SUPPLIED DATA:
# # # # # # #

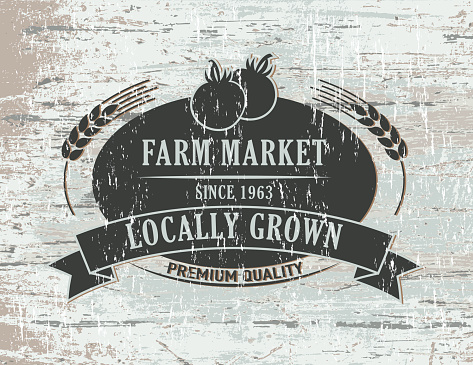 Vintage Faded Farm Sign On Wood Background.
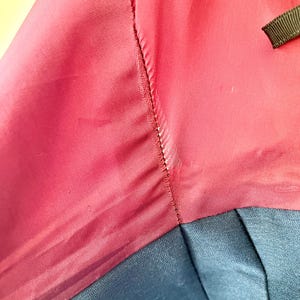 May include: Close-up of a garment featuring a deep red fabric with a subtle sheen, stitched to a section of navy blue material. The stitching is visible, and a small black ribbon is present.
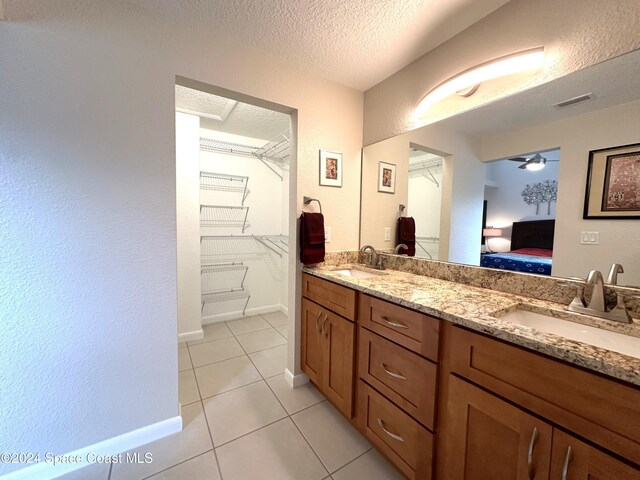 bathroom featuring ceiling fan, a textured ceiling, vanity, and tile patterned flooring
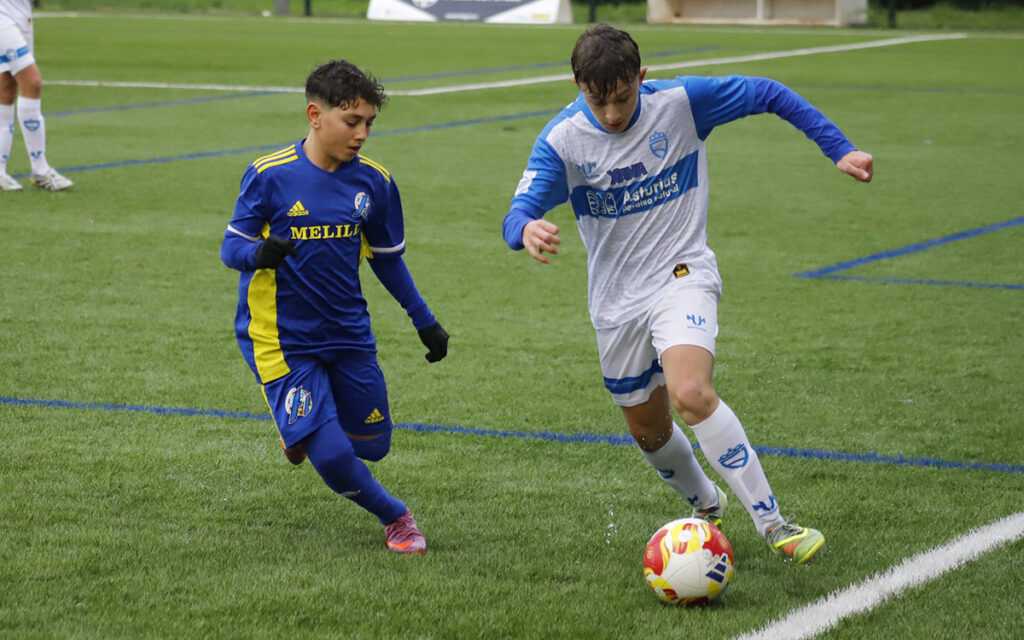Jugadores de fútbol en un partido entre Melilla y Asturias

# # # # # # #

TASK BRIEF: From the line containing "May include: Close-up" down to the last line of the data above, transcribe exactly those lines and no others; omit the pictures.

THE ANSWER:
 May include: Close-up of a garment featuring a deep red fabric with a subtle sheen, stitched to a section of navy blue material. The stitching is visible, and a small black ribbon is present.
 bathroom featuring ceiling fan, a textured ceiling, vanity, and tile patterned flooring
Jugadores de fútbol en un partido entre Melilla y Asturias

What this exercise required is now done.